Rain Garden volgens Emily Green
Not every site is suitable. My first rain garden, inspired by the Garden/Garden prototype in Santa Monica and built in 2004 by the then-UC Berkeley landscape architecture masters candidate Marco Barrantes, was on a relatively flat central Los Angeles lot. Constructed out of a mix of concrete salvaged from removal of a redundant driveway and front walk, Barrantes created a mock arroyo worthy of Lummis House that drained roof water to street trees. The system that Marco built now supports three coast live oaks that shade pedestrians and cars in afternoons along with a lazy splay of manzanita and native lilac. It should require supplemental water only in the dog days of August, September and October.

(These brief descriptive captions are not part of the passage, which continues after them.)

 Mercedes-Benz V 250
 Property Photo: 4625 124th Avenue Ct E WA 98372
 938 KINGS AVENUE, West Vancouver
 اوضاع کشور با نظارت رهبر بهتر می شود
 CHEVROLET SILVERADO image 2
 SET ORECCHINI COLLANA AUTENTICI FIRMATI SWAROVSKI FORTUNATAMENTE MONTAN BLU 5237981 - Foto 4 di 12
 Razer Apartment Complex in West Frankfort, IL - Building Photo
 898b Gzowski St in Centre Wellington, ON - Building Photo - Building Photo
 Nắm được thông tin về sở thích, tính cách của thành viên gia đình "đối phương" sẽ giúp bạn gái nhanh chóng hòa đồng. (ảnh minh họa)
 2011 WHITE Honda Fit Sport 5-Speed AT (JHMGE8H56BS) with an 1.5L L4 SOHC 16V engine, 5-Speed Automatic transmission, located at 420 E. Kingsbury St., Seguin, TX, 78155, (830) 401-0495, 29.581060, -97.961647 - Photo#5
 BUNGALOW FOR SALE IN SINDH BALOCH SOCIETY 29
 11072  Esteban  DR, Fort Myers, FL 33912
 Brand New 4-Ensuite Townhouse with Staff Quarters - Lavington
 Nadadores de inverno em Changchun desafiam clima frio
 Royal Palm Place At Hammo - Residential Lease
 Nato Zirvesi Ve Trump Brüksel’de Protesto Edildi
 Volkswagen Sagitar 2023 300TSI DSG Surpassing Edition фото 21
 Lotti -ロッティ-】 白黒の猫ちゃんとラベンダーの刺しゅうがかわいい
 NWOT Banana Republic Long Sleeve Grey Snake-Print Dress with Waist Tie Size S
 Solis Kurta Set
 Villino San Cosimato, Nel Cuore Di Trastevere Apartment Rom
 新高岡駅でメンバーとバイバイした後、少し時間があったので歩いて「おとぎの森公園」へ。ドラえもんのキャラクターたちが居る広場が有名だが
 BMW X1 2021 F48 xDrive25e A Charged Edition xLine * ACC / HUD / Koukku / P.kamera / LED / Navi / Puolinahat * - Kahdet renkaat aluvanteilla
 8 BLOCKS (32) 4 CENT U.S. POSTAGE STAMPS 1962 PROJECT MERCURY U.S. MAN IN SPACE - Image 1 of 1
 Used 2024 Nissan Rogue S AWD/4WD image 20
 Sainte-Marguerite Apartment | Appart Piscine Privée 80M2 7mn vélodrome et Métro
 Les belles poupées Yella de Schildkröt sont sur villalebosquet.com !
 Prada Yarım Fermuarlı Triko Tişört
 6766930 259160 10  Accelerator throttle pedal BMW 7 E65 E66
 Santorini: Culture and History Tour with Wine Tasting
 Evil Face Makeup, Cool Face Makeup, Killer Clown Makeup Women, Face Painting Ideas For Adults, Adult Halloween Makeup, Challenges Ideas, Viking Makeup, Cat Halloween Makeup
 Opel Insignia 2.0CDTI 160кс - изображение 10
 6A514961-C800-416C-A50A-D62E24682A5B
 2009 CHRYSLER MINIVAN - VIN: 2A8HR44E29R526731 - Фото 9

My second water-catching system could never evolve into a pure rain garden. Set high in the foothills near the Angeles National Forest, site soil of fast-draining sandy loam meant that concentrated infiltration of water into the ground anywhere near the house might compromise an aging retaining wall and even flood the downslope neighbor's basement. After paying a string of experts to be told what I didn't want to hear, I settled for barrels. To see whether or not your site is suitable to infiltrate rain, TreePeople offers excellent resources and classes. The City of Los Angeles has a very good guide and, perhaps best of all, be sure to read the free online rainwater harvesting handbook by Washington State University.